Earlier this week, anti-sealing groups distributed a document that seemed to indicate Russia, Belarus and Kazakhstan had told the World Trade Organization they would ban harp seal pelts from their countries.
On Friday, St. John's urged the federal government to push back hard, through the WTO if necessary, but also through direct appeals to the countries' leaders.
"In the interest of co-operative trade relations, and informed decision making, the governments of Russia, Belarus and Kazakhstan should consult with Canada and other sealing nations on this serious international trade issue," Darin King, Newfoundland and Labrador's Minister of Fisheries and Aquaculture, said in a statement.
Ed Fast, Minister of International Trade, issued a statement on Friday saying Ottawa is committed to defending Canada's sealing industry.
"I have instructed Canadian officials to actively engage with their international counterparts to convey Canada's concerns over these proposed restrictions and to examine options for ensuring continued market access for Canada's sealing industry," he said.
"The Atlantic and Northern seal hunts in Canada are humane, sustainable and well-regulated activities that provide an important source of food and income for thousands of sealers and their families."
The reported ban would be similar to that undertaken by the European Union – a measure Ottawa is fighting at the WTO. But losing access to Russia would have greater effect.
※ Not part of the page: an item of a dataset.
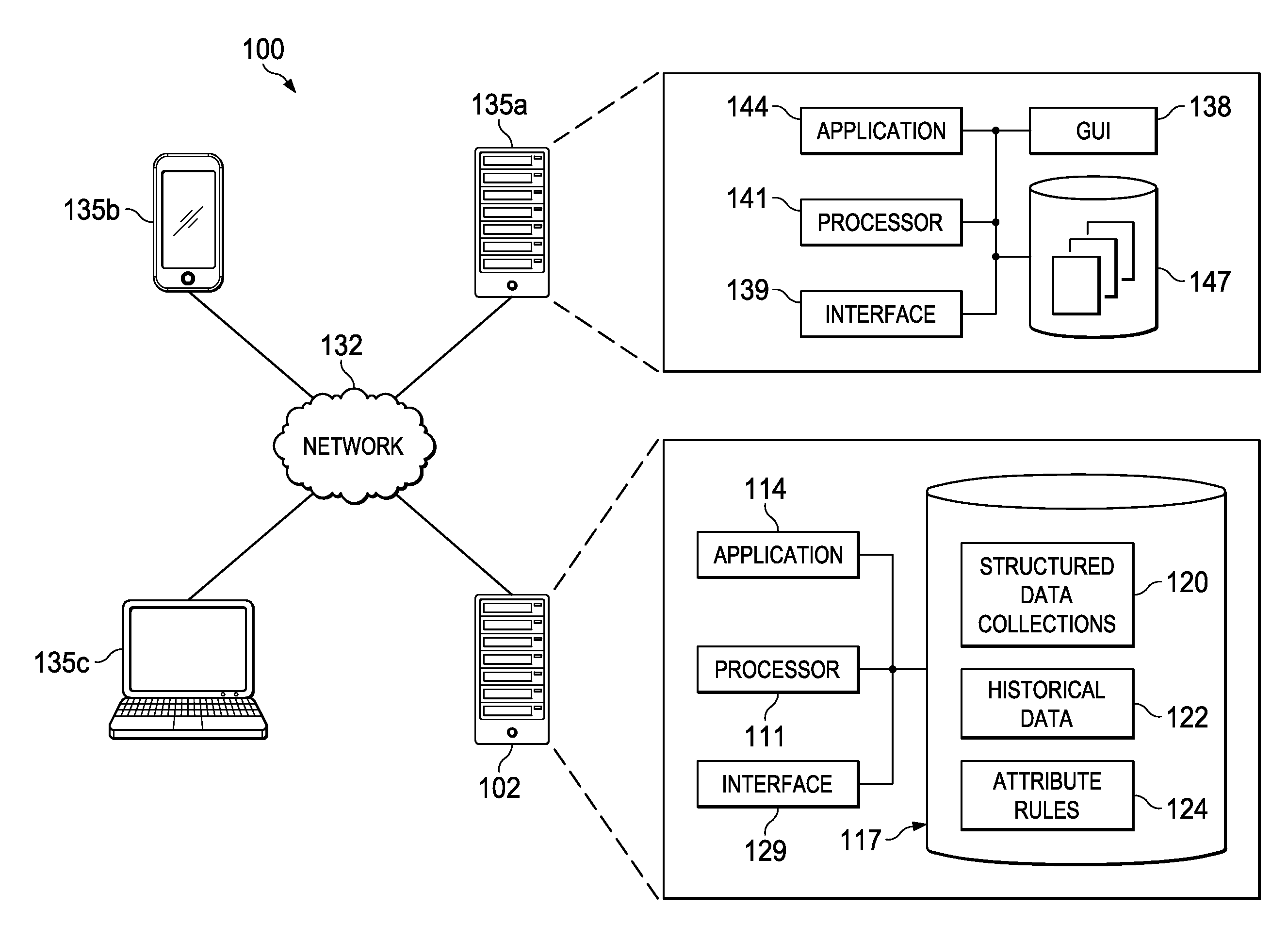 Obtaining data from unstructured data for a structured data collection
The strength of its market, which is thought to take most of the seal pelts produced by the controversial harvest off Canada's eastern shores, was talked up by pro-sealers seeking to dismiss the effect of the EU ban.
In his statement Friday afternoon, Mr. King acknowledged the harm such a ban would cause.
"It seems these governments may have been misled about the Canadian sealing industry by radical and unethical anti-harvesting organizations," Mr. King said. "This is a very serious matter with huge implications for the industry."
The request for Ottawa to take action raises the prospect of Prime Minister Stephen Harper's government trying to win support from authoritarian leaders of a harvest that has given the country a black eye in the minds of many.
In 2009, Russia banned the killing of all seals under one year old. It continues a hunt targeting older seals. Canada permits sealers to take pups once they have lost their white coats, which occurs when they are between two and three weeks old.
Animal rights groups have praised news of the Russian ban as evidence of global momentum against Canada's seal harvest.
"It clearly spells the end of Canadian sealing as so many other trade bans have done over recent years," said Rebecca Aldworth, executive director of the Humane Society International/Canada, earlier this week.
She repeated a call her organization has made regularly: for the federal government to offer a one-time buyout for people in Canada's commercial sealing industry.
Rob Cahill, executive director of the Fur Council of Canada, has been left scratching his head.
"In fact, the traders this year have been trading seal furs into Russia and have not heard anything."